Sometimes words are inadequate but we have nothing better. Nobody knows this better than a good-hearted person who is not at home with words we use all the time but has a sense of compassion. Dorothy Winthrop is one of them. In ‘Silas Marner’ the novelist George Eliot gives her a starring role. Tentatively, Dolly gives expression to her compassion by presenting Silas with lard-cakes. She has only the slightest understanding of a God of love. ‘Them up above’ is her term for whatever a divine entity may be but the lard-cakes speak for her. Her comment on Silas’s misfortune was: ‘… if Them above had done the right thing by you, They’d never ha’ let you be turned out for a wicked thief when you was innicent.’ No skill with words there, no clever conception of the being or nature of God, but a woman whose heart was in the right place.


The cakes come with mysterious letters imprinted on them: ‘I H S’. Dolly had no idea what they signified but they were to be found in the church, on the pulpit-cloth and they had always been stamped on to lard-cakes. But the words didn’t matter. It was the desire to give comfort that counted. There was trustful acceptance in her actions, even if explanation was absent.

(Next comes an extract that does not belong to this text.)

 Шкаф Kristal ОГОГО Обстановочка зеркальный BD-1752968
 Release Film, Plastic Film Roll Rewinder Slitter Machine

George Eliot had the discernment to read Dolly Winthrop. Wordsworth had a similar insight when he spoke of ‘thoughts that do often lie too deep for tears.’ It was as though he was amplifying this tentative understanding as he prefaced his words by others: ‘years that bring the philosophic mind’


Edith Cavell famously said: ‘Patriotism is not enough.’ We might say the same about words. However, we cannot do without them and we see them supremely doing their job in the hands of a poet, for poetry is language used with an unusual intensity. It gives a local habitation and a name to things we cannot otherwise grasp. John Carey puts it succinctly: ‘Poetry relates to language as music relates to noise. It is language made special, so that it will be remembered and valued.’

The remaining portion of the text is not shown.